*Directions for this task:*
Once you reach the line containing "Gạch Terrazzo ngoài", copy it and every line after it exactly, through the end of the data below.

─── Data for the task

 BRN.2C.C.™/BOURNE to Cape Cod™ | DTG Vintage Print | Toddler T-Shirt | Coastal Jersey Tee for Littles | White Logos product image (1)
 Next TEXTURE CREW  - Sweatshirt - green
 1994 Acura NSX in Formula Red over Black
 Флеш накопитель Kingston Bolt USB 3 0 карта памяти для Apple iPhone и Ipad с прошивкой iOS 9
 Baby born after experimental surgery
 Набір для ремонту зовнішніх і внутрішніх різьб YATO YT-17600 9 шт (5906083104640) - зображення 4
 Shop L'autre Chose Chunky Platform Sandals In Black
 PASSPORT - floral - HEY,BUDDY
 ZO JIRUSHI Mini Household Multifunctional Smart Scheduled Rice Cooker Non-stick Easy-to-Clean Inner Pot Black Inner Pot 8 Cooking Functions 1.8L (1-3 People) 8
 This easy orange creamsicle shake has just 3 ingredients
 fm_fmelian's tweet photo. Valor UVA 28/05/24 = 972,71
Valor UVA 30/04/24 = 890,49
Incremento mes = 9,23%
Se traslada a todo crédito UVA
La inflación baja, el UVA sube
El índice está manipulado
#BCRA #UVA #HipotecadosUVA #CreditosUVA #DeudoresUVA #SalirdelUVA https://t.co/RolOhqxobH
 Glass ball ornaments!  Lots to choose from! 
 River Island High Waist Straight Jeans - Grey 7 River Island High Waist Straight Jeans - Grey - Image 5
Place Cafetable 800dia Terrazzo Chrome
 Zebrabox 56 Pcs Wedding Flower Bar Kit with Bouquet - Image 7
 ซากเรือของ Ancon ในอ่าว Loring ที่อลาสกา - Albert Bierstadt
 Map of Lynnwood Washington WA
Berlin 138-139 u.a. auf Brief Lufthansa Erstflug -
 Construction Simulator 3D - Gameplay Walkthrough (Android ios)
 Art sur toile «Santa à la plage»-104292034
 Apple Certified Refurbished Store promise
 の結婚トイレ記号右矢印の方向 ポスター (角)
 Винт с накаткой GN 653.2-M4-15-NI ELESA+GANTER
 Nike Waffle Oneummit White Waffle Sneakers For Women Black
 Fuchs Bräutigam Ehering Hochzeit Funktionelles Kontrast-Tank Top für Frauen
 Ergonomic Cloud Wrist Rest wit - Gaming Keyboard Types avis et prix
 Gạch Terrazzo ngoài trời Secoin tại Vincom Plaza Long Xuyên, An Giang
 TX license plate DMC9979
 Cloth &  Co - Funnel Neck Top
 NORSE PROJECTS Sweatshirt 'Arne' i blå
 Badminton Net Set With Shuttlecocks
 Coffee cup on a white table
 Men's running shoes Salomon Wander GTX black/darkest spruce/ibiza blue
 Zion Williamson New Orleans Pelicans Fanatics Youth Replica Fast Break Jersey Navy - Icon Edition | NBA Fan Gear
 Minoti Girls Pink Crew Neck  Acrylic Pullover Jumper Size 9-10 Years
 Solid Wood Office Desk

──────

*Result of the exercise:*
 Gạch Terrazzo ngoài trời Secoin tại Vincom Plaza Long Xuyên, An Giang
 TX license plate DMC9979
 Cloth &  Co - Funnel Neck Top
 NORSE PROJECTS Sweatshirt 'Arne' i blå
 Badminton Net Set With Shuttlecocks
 Coffee cup on a white table
 Men's running shoes Salomon Wander GTX black/darkest spruce/ibiza blue
 Zion Williamson New Orleans Pelicans Fanatics Youth Replica Fast Break Jersey Navy - Icon Edition | NBA Fan Gear
 Minoti Girls Pink Crew Neck  Acrylic Pullover Jumper Size 9-10 Years
 Solid Wood Office Desk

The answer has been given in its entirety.